We had hoped to stop in Nicodemus, but did not have time today. I think the story of Nicodemus is still worth sharing as it reflects the rich history of Kansas.
The Exodus of 1879 (also known as the Kansas Exodus and the Exoduster Movement) refers to the mass movement of African Americans from states along the Mississippi River to Kansas in the late nineteenth century, and was the first general migration of blacks following the Civil War.
Kansas held a primary role in igniting the growth of black settlements in the Midwest in the 1870’s. Because of its proximity to the slave-holding states of Missouri and Arkansas and because black refugees associated Kansas with the Underground Railroad and the fiery abolitionist John Brown , Kansas was seen a potential “safe haven” for liberation-seeking formerly enslaved people. Kansas became the destination of various black colonization groups.
“I am anxious to reach your state … because of the sacredness of her soil washed by the blood of humanitarians for the cause of freedom.” — S.L. Johnson, black Louisianan in a letter to Kansas Governor John St John, 1879
Nicodemus is one of those towns in Kansas, founded by newly freed slaves in 1877, under the leadership of Benjamin “Pap” Singleton. Pap Singleton was well known and respected in his Tennessee community as a skilled carpenter, cabinetmaker, and undertaker. He felt it was his duty to help black sharecroppers, who were often cheated and exploited by white landowners. In 1869 Singleton founded the Tennessee Real Estate & Homestead Association and began to organize blacks in his state to form colonies and settle in Kansas.

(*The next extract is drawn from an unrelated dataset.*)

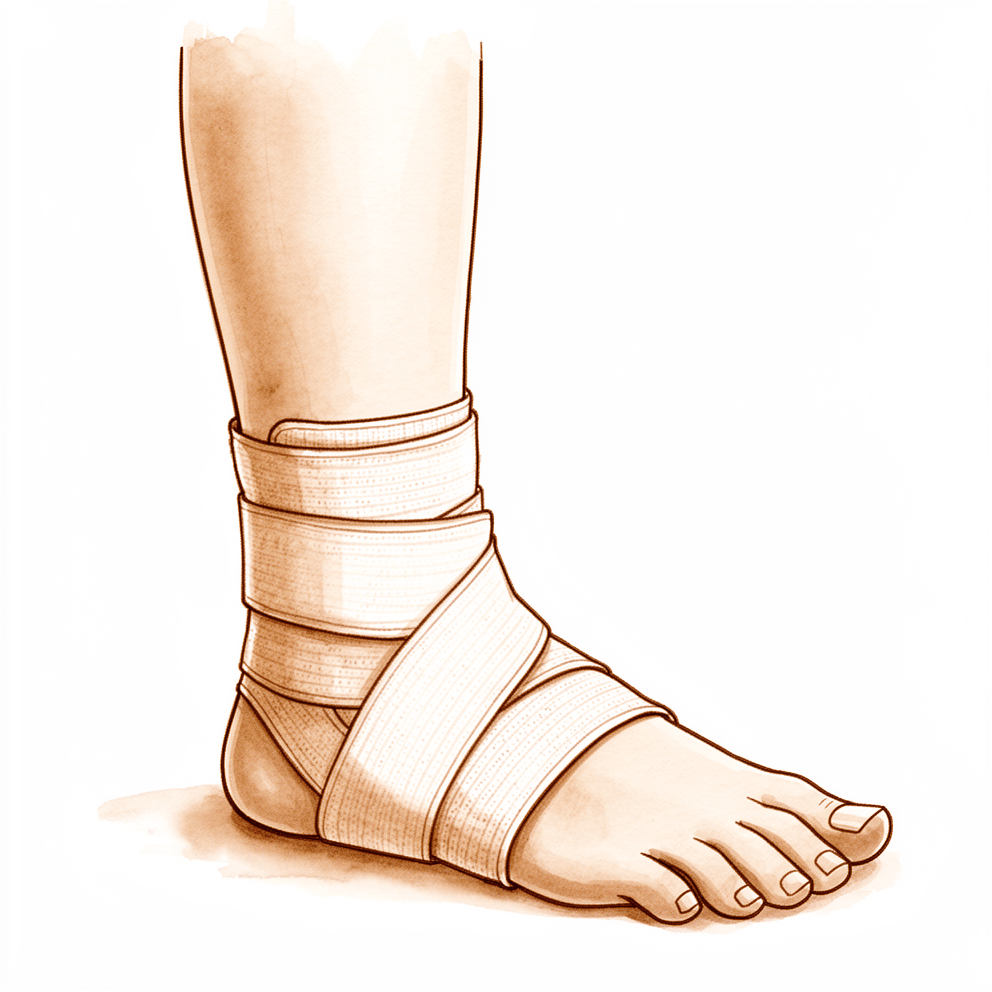 How Ligaments Work and Heal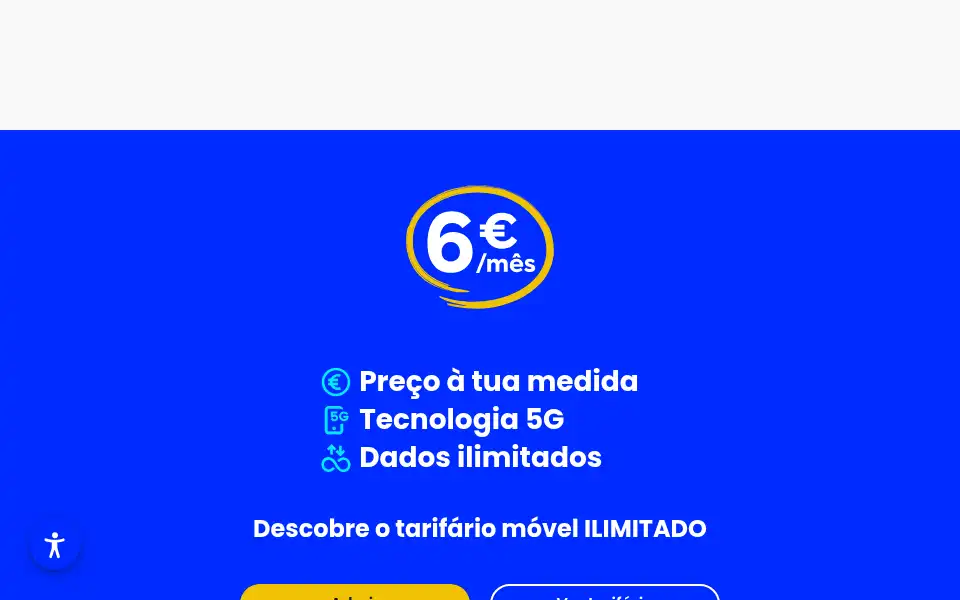 Screenshot of digi.pt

Nicodemus was the first black community west of the Mississippi River and is the only predominantly black community west of the Mississippi that remains a living community today. The first groups to populate the town in 1877 came mostly from the Lexington, Kentucky area. Moving west to Nicodemus was no small feat, as the town was a distance from rail and stagecoach routes. Upon seeing the remote and barren location of Nicodemus, some of the original 380 settlers who left Kentucky to establish the town turned around and went back east.
According to the Nicodemus National Historic Site, construction began immediately to provide housing for the new arrivals. Building homes along the Soloman River in dugouts, the original settlers found more disappointment and privation as they faced adverse weather conditions. In the Promised Land of Kansas, they initially lacked sufficient tools, seed, and money, but managed to survive the first winter, some by selling buffalo bones, others by working for the Kansas Pacific Railroad at Ellis, 50 miles away. Yet, others survived only with the assistance of the Osage Indians, who provided food, firewood and staples.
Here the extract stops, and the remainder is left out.